The record breaking solution at the top of this post has obvious rotational symmetry, and that’s no coincidence. Hunting for such symmetric solutions has advantages: we only have to store one quarter of the grid, and each additional point introduces a large number of new constraints involving its images under the symmetry.

For the fundamental region of a 2n \times 2n board, I’m taking the square [0, n) \times [0, n), stored across the warp like before.

Working symmetrically ties in nicely with the dumb lookup table we just introduced. Each pair of points we add is now involved in 16 different lines:

Rather than doing 16 times as much computation per pair, we just include the contributions for all these lines in the lookup table for the two points in the fundamental region.

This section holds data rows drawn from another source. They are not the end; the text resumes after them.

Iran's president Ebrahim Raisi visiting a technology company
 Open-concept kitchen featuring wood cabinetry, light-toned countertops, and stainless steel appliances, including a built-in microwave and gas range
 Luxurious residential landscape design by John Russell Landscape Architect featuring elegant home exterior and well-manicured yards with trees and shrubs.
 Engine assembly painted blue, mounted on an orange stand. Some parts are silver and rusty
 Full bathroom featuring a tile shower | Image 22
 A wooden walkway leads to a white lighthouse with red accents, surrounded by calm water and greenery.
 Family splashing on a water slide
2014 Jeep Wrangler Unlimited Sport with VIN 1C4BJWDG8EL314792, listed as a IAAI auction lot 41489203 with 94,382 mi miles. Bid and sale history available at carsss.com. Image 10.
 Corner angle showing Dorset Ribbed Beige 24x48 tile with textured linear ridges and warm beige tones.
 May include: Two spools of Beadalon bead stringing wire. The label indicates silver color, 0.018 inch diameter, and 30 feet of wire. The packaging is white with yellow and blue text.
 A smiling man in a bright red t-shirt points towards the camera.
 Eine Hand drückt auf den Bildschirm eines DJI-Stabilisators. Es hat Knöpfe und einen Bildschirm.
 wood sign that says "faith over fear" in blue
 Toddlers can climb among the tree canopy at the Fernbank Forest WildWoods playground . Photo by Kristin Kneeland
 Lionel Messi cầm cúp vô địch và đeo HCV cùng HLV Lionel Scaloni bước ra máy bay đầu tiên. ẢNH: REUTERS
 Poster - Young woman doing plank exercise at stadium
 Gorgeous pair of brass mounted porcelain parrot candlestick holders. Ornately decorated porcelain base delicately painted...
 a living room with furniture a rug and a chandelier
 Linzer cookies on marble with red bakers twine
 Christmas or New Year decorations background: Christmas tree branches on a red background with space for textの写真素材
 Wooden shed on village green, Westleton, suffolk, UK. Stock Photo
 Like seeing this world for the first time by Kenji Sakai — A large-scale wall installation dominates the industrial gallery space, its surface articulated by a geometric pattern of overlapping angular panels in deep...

The piece of code that truly needs to be customised for the symmetrical case is orthogonal propagation. Specifically, we’d like to do the counting along rows and columns using the fundamental domain directly, without materialising the full 2n \times 2n grid. This is easy enough: for each row of the fundamental domain, the missing part of the row in the full grid is exactly one of the columns of the fundamental domain, if you imagine rotating the grid anticlockwise once:

The only new code necessary is a converter from row counts (as per-lane integers given by popcount) to a binary counter as described in the previous post, and this is easily achieved using a couple of ballots. Combining those counters gives the count for the row of the full grid, and by symmetry also one of the columns of the full grid, and we can use the same forcing logic as in the non-symmetric case.

Enumerating these symmetric solutions is much, much faster than for the non-symmetric ones, even taking into account the doubling of the grid size that you get for free. We’ve been able to enumerate all rotationally symmetric grids up to 52×52, contrasted with the non-symmetric grids up to 19×19.

Strategies like this of course work for other symmetries of the grid, just with trickier storage layouts and correspondingly trickier solutions for the orthogonal counting problem. In particular, Flammenkamp discovered that hunting for large solutions with odd grid size is best done with “near” symmetry: fourfold rotational symmetry except for the two main diagonals, which contain two points rather than the expected four.

With a little more thought, one can devise efficient storage formats and counting methods for this layout, as well as the various other possible symmetry groups of configurations on the grid. Details are perhaps better left to a separate post.

Summary

All together, we have another large jump in performance over the previous post. And this is on top of code that I already thought was pretty good—shows what I know!Remember, these timings are on the tiny machine I have at home, not a beefy rented GPU. A good machine with a few GPUs is another 250× speedup “for free”.

Size	Post 1 (s)		Post 2		Now
12	13.5	→	8.2	→	5.6
13	65	→	39	→	18.5
14	1231	→	771	→	277
15	15672	→	7801	→	2645
16	?	→	?	→	26805

The nice round factors of 10 in the last three rows is what made me optimistic to try 19×19. Unluckily, the jump from 18 to 19 was closer to 15×.